:: Activity ::
From the line containing "荔枝病是什么？荔枝病怎么治？" to the last line of the records below, transcribe everything exactly, pictures excluded.

· · · · · · ·

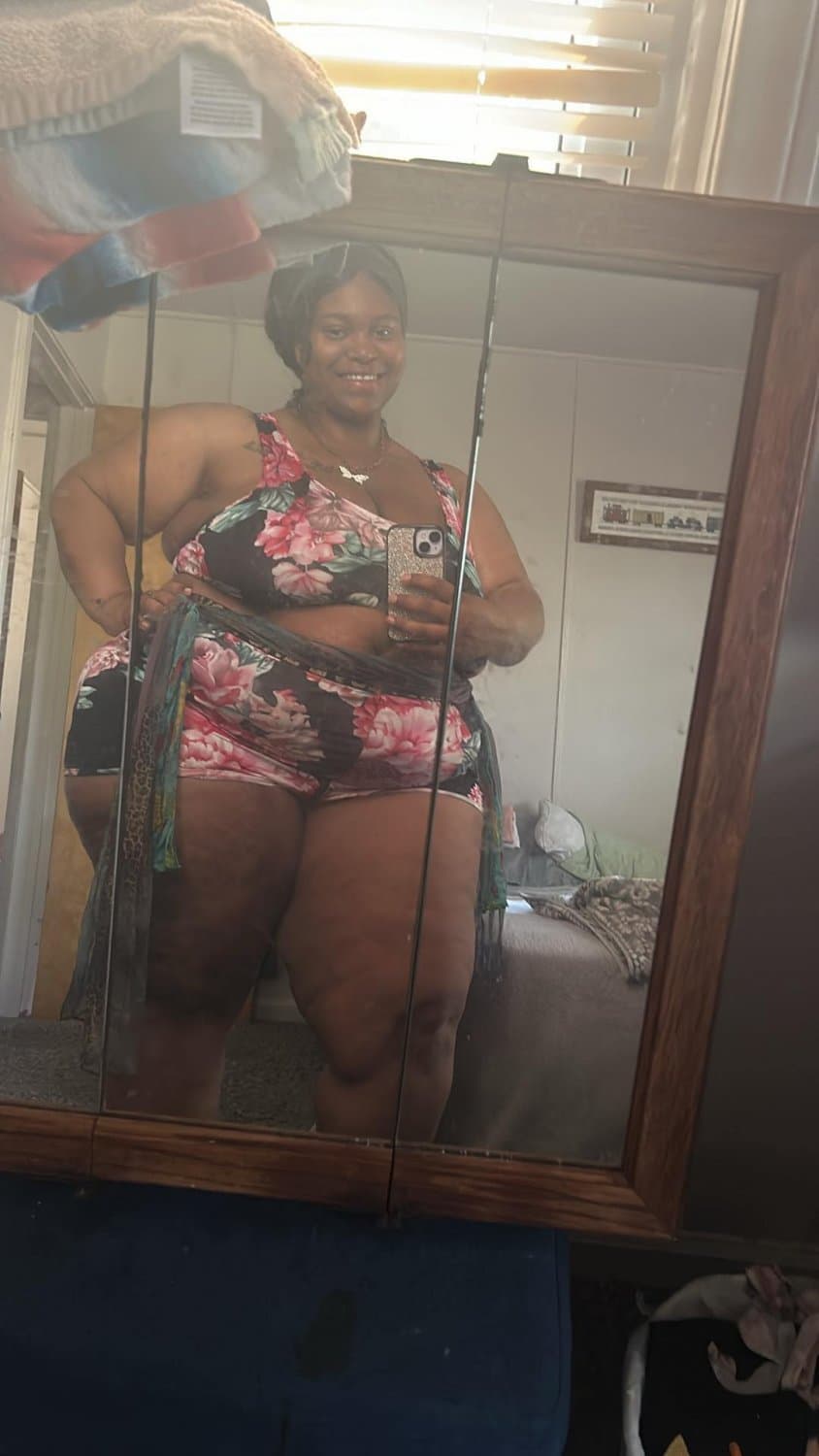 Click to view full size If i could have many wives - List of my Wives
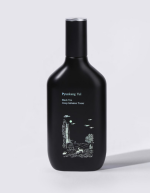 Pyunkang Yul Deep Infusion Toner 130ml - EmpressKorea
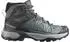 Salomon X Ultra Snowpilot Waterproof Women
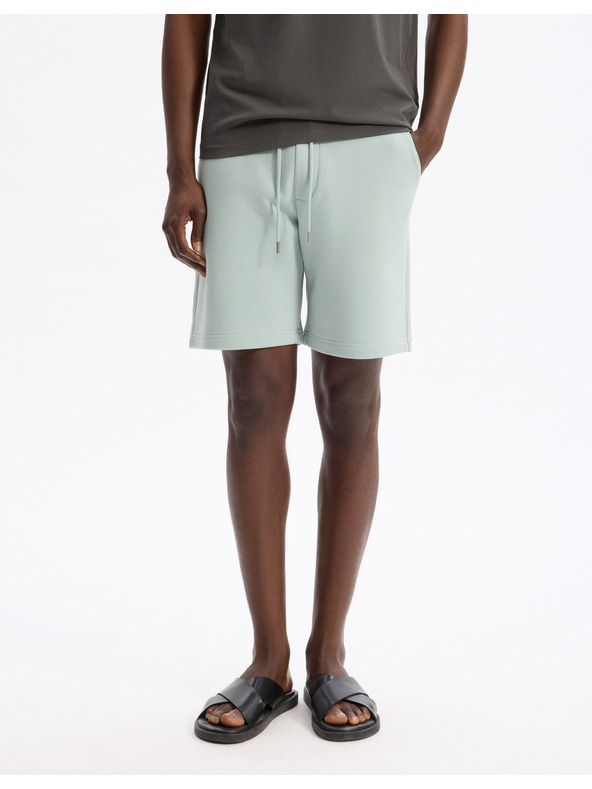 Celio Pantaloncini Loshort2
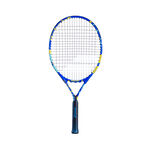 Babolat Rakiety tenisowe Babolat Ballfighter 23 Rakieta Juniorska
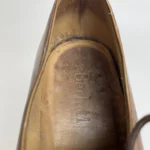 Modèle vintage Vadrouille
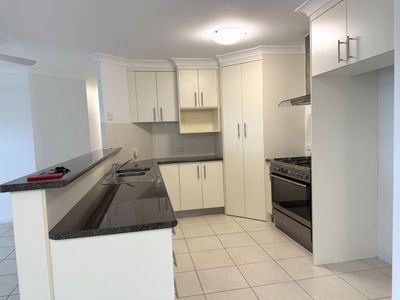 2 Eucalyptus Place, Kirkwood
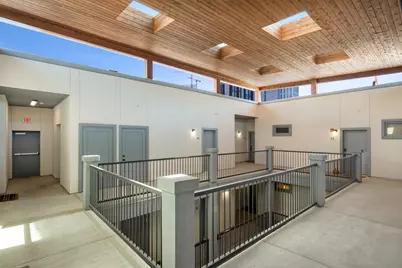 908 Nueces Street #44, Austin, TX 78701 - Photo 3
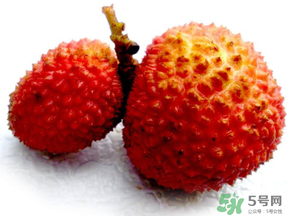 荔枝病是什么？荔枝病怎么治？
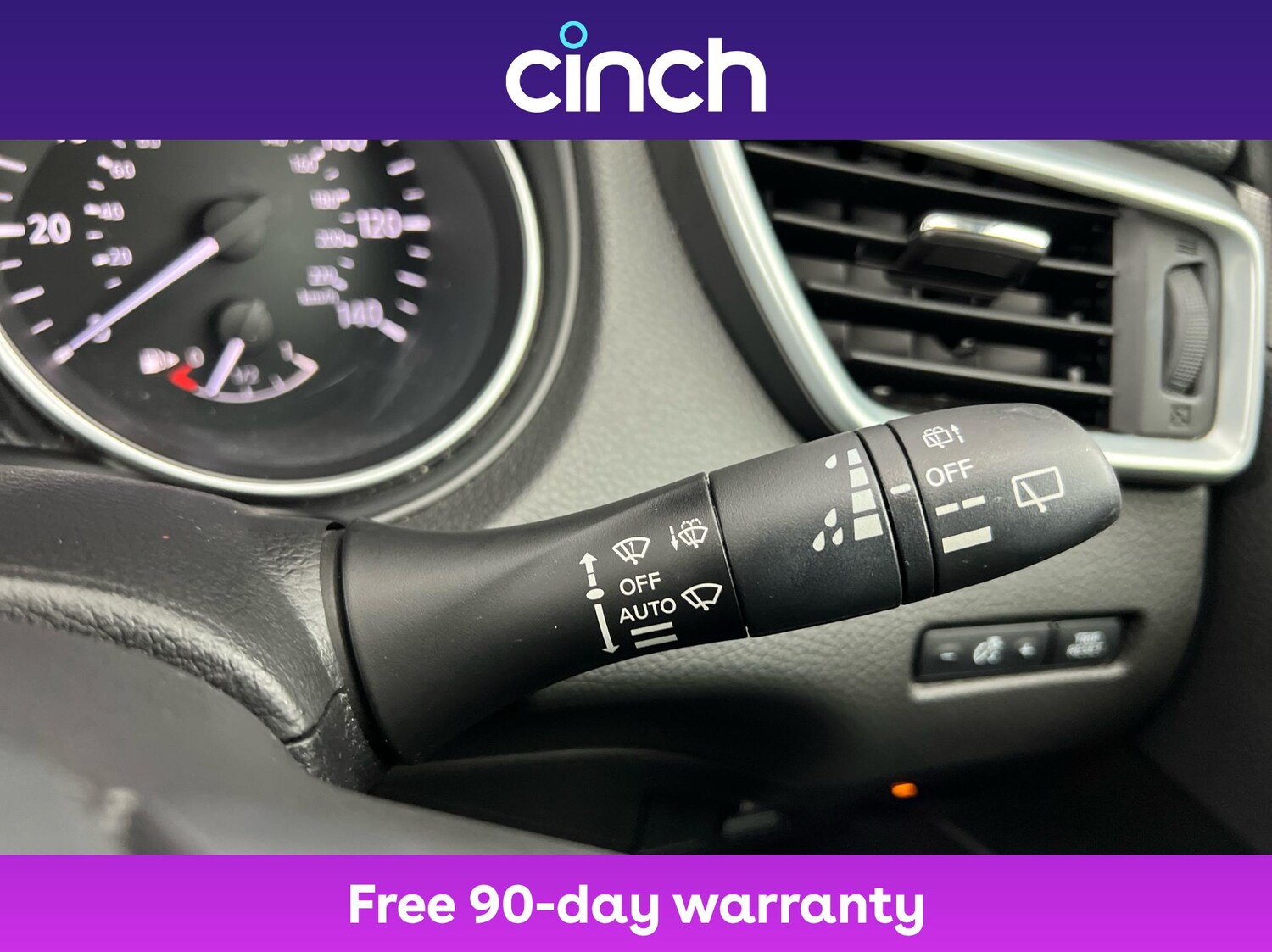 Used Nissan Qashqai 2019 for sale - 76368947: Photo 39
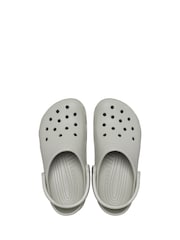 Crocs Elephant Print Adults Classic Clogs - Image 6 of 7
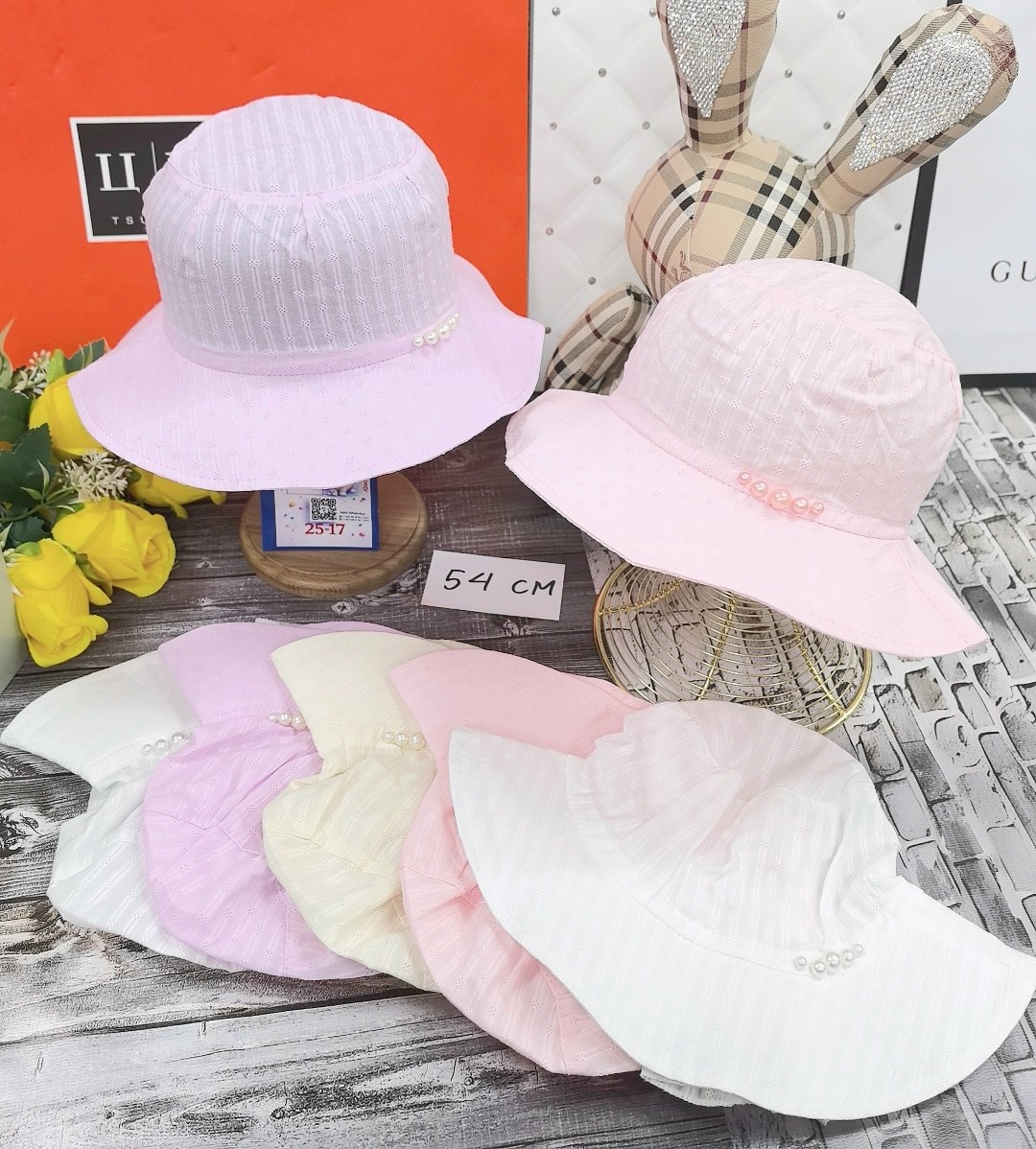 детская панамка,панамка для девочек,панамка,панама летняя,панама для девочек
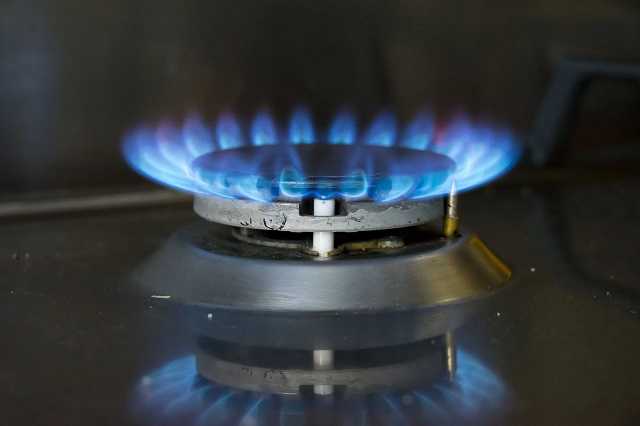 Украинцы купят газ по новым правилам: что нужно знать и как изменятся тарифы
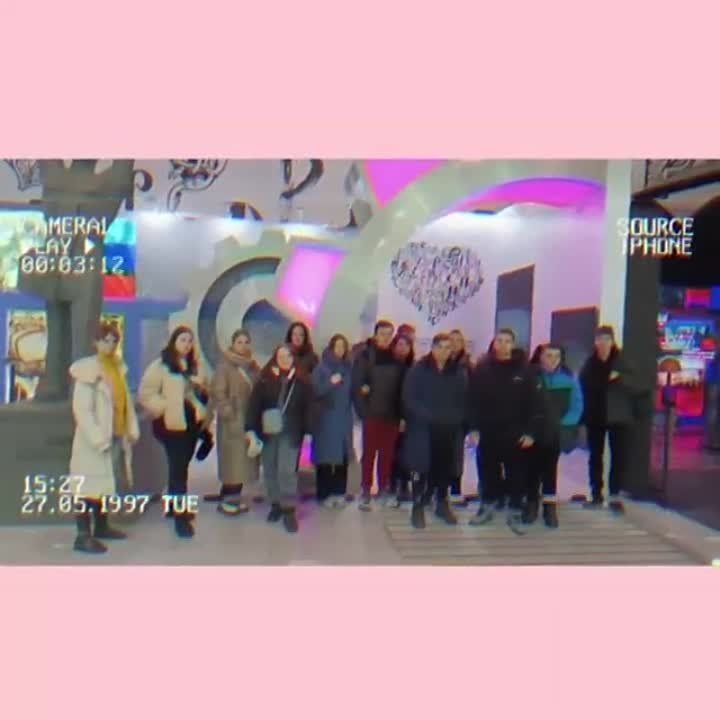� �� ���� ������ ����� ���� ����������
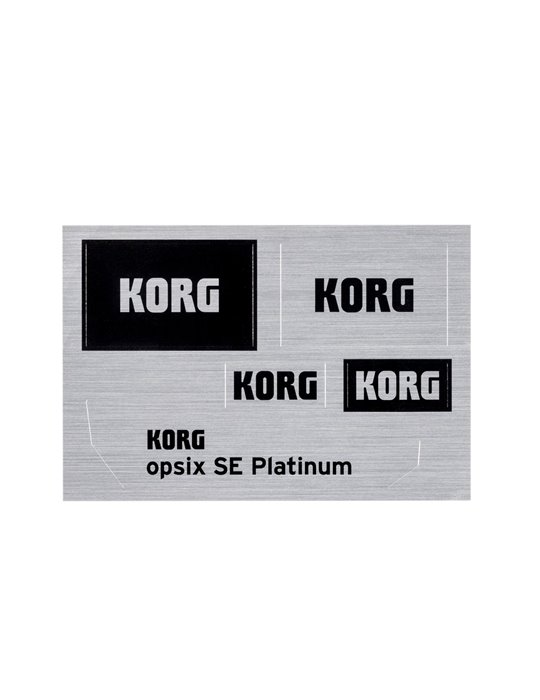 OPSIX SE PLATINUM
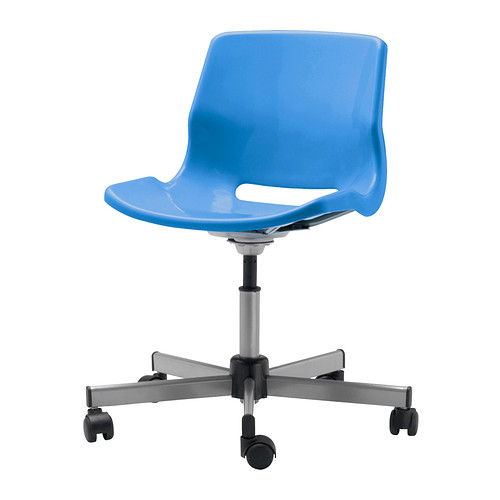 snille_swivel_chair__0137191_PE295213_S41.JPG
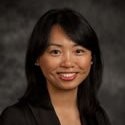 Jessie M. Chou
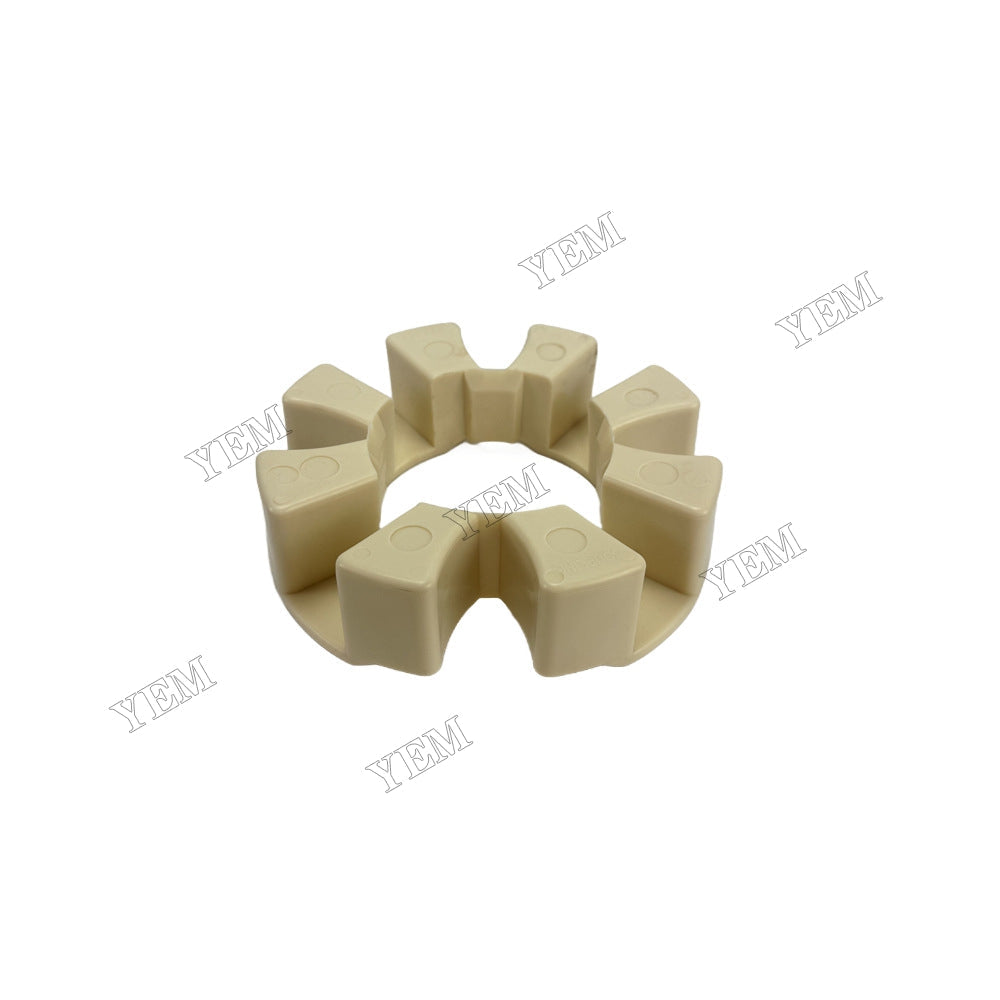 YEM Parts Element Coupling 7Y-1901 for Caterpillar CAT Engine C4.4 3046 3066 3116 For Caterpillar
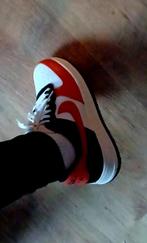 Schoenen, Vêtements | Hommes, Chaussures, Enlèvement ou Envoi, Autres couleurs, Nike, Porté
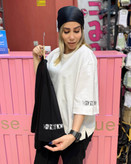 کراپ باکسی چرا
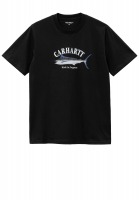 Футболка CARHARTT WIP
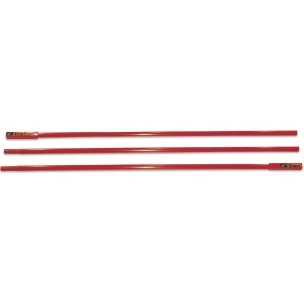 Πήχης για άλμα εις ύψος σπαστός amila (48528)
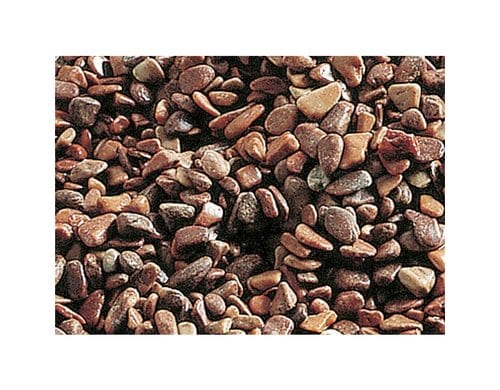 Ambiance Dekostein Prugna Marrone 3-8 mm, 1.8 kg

· · · · · · ·

:: Expected output ::
 荔枝病是什么？荔枝病怎么治？
 Used Nissan Qashqai 2019 for sale - 76368947: Photo 39
 Crocs Elephant Print Adults Classic Clogs - Image 6 of 7
 детская панамка,панамка для девочек,панамка,панама летняя,панама для девочек
 Украинцы купят газ по новым правилам: что нужно знать и как изменятся тарифы
� �� ���� ������ ����� ���� ����������
 OPSIX SE PLATINUM
 snille_swivel_chair__0137191_PE295213_S41.JPG
 Jessie M. Chou
 YEM Parts Element Coupling 7Y-1901 for Caterpillar CAT Engine C4.4 3046 3066 3116 For Caterpillar
 Schoenen, Vêtements | Hommes, Chaussures, Enlèvement ou Envoi, Autres couleurs, Nike, Porté
 کراپ باکسی چرا
 Футболка CARHARTT WIP
 Πήχης για άλμα εις ύψος σπαστός amila (48528)
 Ambiance Dekostein Prugna Marrone 3-8 mm, 1.8 kg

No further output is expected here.